Mi padre, hombre cabal como he conocido pocos en la vida, era persona de sano escepticismo y fino sentido del humor. Por eso, cuando veía en la tele o leía en los periódicos alguna de esas cosas sorprendentes que solo en Estados Unidos acontecen, solía comentar con su sorna habitual: «É que non vos dades conta de que as cousas que veñen de América hai que tomalas sempre con certa precaución». Papá tenía razón.
De Norteamérica nos han llegado, de hecho, dos debates sociales que serían pintorescos si no resultasen de extrema gravedad: el de si los padres han de mandar a sus hijos a la escuela, o pueden educarlos por su cuenta; y el de si deben vacunarlos según los calendarios oficiales. El segundo está hoy de plena actualidad tras haberse declarado en Olot un caso de difteria en un niño de seis años, que contrajo la enfermedad por no estar vacunado, tras decidirlo así sus padres. Las consecuencias de esa descabellada decisión son evidentes: su hijo enfermo, el riesgo de que haya habido algún contagio (muy bajo, al parecer, pues el 90 % de la población sí está vacunada) y la reaparición de una enfermedad de la que desde 1987 nada se sabía.

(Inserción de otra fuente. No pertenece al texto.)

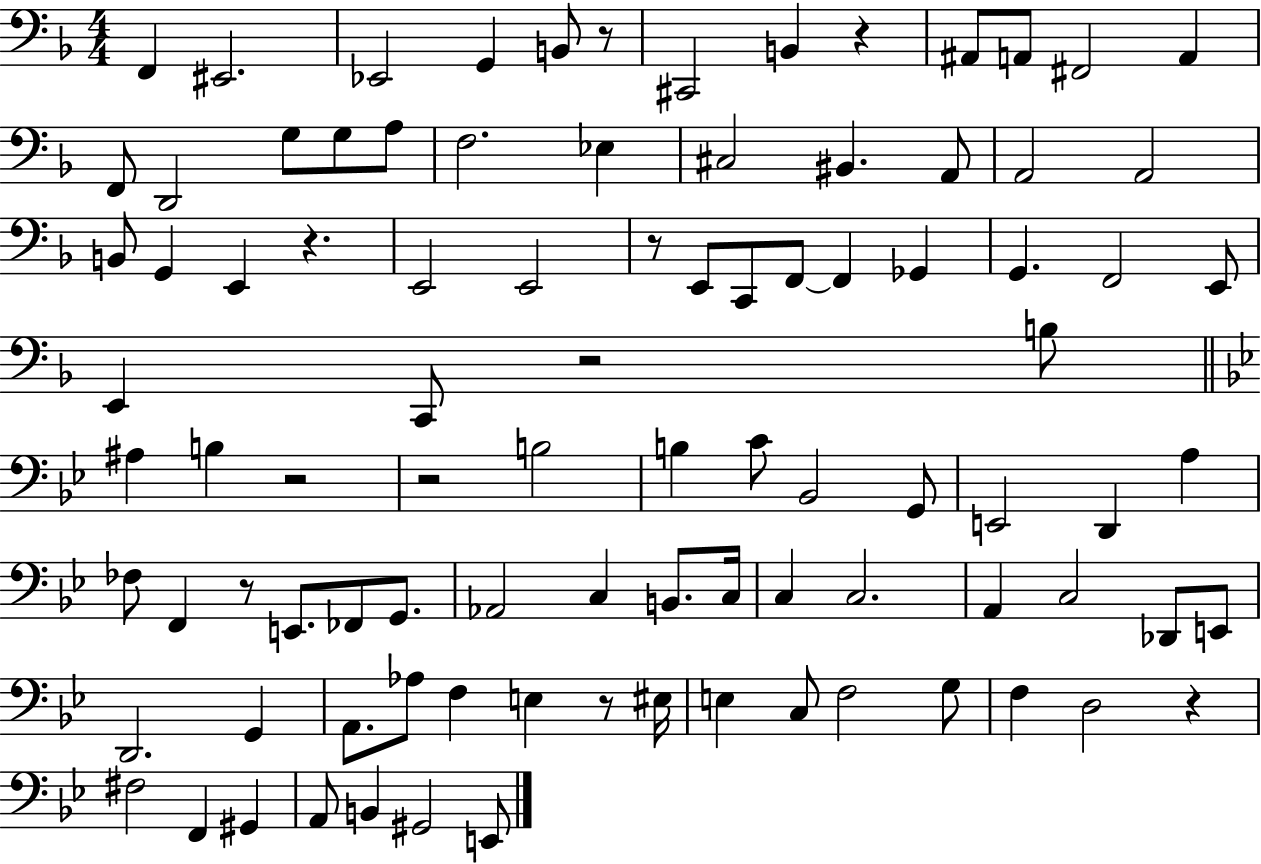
{
  \clef bass
  \numericTimeSignature
  \time 4/4
  \key f \major
  f,4 eis,2. | ees,2 g,4 b,8 r8 | cis,2 b,4 r4 | ais,8 a,8 fis,2 a,4 | \break f,8 d,2 g8 g8 a8 | f2. ees4 | cis2 bis,4. a,8 | a,2 a,2 | \break b,8 g,4 e,4 r4. | e,2 e,2 | r8 e,8 c,8 f,8~~ f,4 ges,4 | g,4. f,2 e,8 | \break e,4 c,8 r2 b8 | \bar "||" \break \key bes \major ais4 b4 r2 | r2 b2 | b4 c'8 bes,2 g,8 | e,2 d,4 a4 | \break fes8 f,4 r8 e,8. fes,8 g,8. | aes,2 c4 b,8. c16 | c4 c2. | a,4 c2 des,8 e,8 | \break d,2. g,4 | a,8. aes8 f4 e4 r8 eis16 | e4 c8 f2 g8 | f4 d2 r4 | \break fis2 f,4 gis,4 | a,8 b,4 gis,2 e,8 | \bar "|."
}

El caso, como todos los que suscita la negativa de los padres a cumplir con los calendarios oficiales de vacunación, plantea un tema de fondo, de grandísima importancia, que es común al derivado de la decisión de los progenitores de no escolarizar a aquellos que están bajo su patria potestad: el de si esta les da derecho a tomar decisiones que ponen en riesgo la salud de sus hijos (y, por tanto, la de los demás, en el supuesto de las enfermedades infecciosas) o su derecho fundamental a la educación.
Sobre lo segundo me pronuncié aquí en su día con toda claridad: enviar a los hijos a la escuela durante el período de educación obligatoria no puede ser opcional para los padres, quienes deben cumplir inexcusablemente un deber público. Sobre la obligación de vacunar no tengo tampoco duda alguna: por la seguridad de los hijos y por la de los que están con ellos en contacto, pues el riesgo para la salud en este supuesto no es solo para quien no recibe la vacuna, sino mucho más amplio.
Todo el mundo admite hoy que el maltrato infantil es intolerable: pero maltratar a un niño no es solo golpearlo o torturarlo psicológicamente, sino también no vacunarlo cuando la Administración lo ordena (maltrato sanitario) o no enviarlo a la escuela, cuando es obligatorio (maltrato educativo).
Por eso las autoridades públicas -desde la administrativas al Ministerio Fiscal, protector de los derechos ciudadanos y del interés general tutelado por la ley, según nuestra Constitución- deben tomar todas las medidas necesarias para que esos otros maltratos no puedan producirse. En defensa de los derechos de los niños y, en el caso de las vacunas, de la población entera.